By the way, do you know who this is yet? Any idea who might be saying these words?

The only answer is through massive injections of money from the federal government into the economy, into the hands of people who will spend it. Lagging demand for goods and services is the problem. In this regard the president stimulus bill passed this week in the house should be welcomed and supported. Despite what Republicans say, it’s a good bill that will ease the pain of this crisis, create jobs, begin to reinflate the economy. Some economists like Paul Krugman say it isn’t enough, that a trillion dollars plus an additional infrastructure spending would be better. I’d agree with Krugman, but I’d also see the current bill as the first installment of the administration’s recovery plan. In fact, Krugman may have the economics right but the politics are wrong.

Any idea? Who do you think it is, Stu? Any idea yet?

STU: No, I have no idea.

GLENN: It could be anybody really on the, you know, the Democratic — could be Nancy Pelosi. Do you think?

STU: Yeah, could be.

GLENN: Could be?

Both economic stimulus and political economic restructuring are necessary if the U.S. economy is to have a chance of resuming developmental growth past that is robust sustainable, in a double sense, economically and environmentally.

Ah, got to be Nancy Pelosi. Now we’re getting into the environment.

STU: Seems like it could be in the mainstream party.

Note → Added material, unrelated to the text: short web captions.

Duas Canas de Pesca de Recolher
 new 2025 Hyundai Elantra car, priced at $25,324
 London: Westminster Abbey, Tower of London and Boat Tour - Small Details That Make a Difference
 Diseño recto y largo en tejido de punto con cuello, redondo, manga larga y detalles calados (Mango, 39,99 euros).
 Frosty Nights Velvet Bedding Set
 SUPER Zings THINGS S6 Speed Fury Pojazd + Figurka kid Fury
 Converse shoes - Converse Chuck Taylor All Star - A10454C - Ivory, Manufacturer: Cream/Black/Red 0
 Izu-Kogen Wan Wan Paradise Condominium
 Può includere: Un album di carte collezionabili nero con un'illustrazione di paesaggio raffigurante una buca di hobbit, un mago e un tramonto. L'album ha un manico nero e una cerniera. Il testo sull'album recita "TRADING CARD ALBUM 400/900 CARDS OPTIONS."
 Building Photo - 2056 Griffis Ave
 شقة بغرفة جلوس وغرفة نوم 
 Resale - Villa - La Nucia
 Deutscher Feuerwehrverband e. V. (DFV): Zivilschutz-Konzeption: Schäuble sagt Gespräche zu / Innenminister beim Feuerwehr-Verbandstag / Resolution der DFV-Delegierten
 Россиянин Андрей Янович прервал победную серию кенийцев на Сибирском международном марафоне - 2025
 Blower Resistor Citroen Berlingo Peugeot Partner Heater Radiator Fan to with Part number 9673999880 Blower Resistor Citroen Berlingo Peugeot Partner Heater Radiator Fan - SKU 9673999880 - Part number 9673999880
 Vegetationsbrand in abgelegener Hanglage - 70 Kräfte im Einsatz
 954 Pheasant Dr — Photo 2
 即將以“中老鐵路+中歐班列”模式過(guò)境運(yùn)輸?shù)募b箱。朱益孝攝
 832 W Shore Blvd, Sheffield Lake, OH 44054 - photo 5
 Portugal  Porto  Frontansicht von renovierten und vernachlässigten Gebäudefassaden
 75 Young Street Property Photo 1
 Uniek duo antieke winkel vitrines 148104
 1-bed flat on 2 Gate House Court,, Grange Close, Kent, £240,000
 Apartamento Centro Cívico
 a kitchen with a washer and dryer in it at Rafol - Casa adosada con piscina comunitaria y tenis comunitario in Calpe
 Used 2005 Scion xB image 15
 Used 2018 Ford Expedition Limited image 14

GLENN: It favors the working class and its allies. So let’s beat up on the rich a little bit. If this is the case the Obama coalition and the broad case that supports him will almost inevitably have to consider — and they already are considering — some of the following measures. So they are already — so it must be somebody in the know because they know they are already considering these. Public ownership of the financial system and the elimination of a shadow banking system. Okay, well, I mean, we know that because they’re talking about that. Public control of the Federal Reserve Bank. Countercrisis spending of a bigger size and scope to invigorate and sustain a full recovery and meet human needs, something that the new deal never accomplished. Strengthening of the union rights. Okay, they are doing all of these things. Trade agreements that will have at their core the protection and advancement of an international working class interest. Democratic public takeover of the energy complex. Well, they are kind of doing that, aren’t they? I mean, we’re talking about now the coal plants are going down, et cetera, et cetera? A readiness to consider the takeover of other basic industries whose future is problematic in private hands. We’re talking about that with GM and Chrysler now. Turning education, child care and healthcare into no-profit zones. Aren’t we really doing that? Aren’t we doing that now as we give more universal healthcare and we’re talking about free education, universal education all the way through college? Rerouting investment capital from unproductive investment, military, finance and so forth, to productive investment in a green economy and public infrastructure. We’re doing that, aren’t we? Changing the direction of our nation’s foreign policy towards cooperation, disarmament and diplomacy. We’re doing that. We’re talking about dismantling, you know, the idea of having some sort of a missile shield. We’re talking to everybody. Clinton was in Syria talking. A full scale assault on global warming — we’re doing that. And the last one is serious and sustained commitment to assisting the developing countries which are locked in poverty and misery. Well, that’s a good thing that Gordon Brown is in town speaking to congress today because that’s what he’d like to do as well.

We can disagree with the Obama administration without being disagreeable. Our tone should be respectful. We now not only have a friend but we have an advocate in the White House. Who’s saying this, Stu?

STU: This is impossible. I mean, it could be anybody in the Democratic Party.

GLENN: Could be.

STU: Could be anybody, any politician on the left. I have no idea.

GLENN: Staring us in the face are immediate challenges. Finally — this is what he says, we’ve got to do these things: We have to support the passage of the president’s stimulus bill in the Senate. It passed. Second, we have to block any Republican efforts to derail the nomination of Hilda Solis, the nominee for the secretary of labor. That’s already — she’s already been confirmed. This is the first round in the battle to pass the employee free choice act. So it’s got to be somebody very pro union. Which will dramatically expand the right to join a union in this country. Third, we have to join others in resisting evictions and foreclosure, not to mention cutbacks and layoffs at the state and city level. Fourth, the wars of occupation in Iraq and Afghanistan have got to be brought to a close. In any case we have our work cut out for us, but I think we can confidently say that change is coming and we will build a more perfect union. Yes, we can.

Could have been anybody, but unfortunately it was Samuel Webb, Sam Webb. He was speaking in Cleveland, Ohio January 31st, 2009. Who is Sam Webb? He is the national chairperson for the Communist Party of America. He may not be a Marxist. He may deny it. But you’ve got the Communist Party of America standing up. Go to communistpartyUSA.com or whatever it is. I bet it’s a nonprofit organization. I bet they found a way around those taxes. Go and search for the website. I mean, it’s the hammer, the sickle, it’s all of it, it’s all of it. And there’s even programs for your youth. And they are all behind President Barack Obama.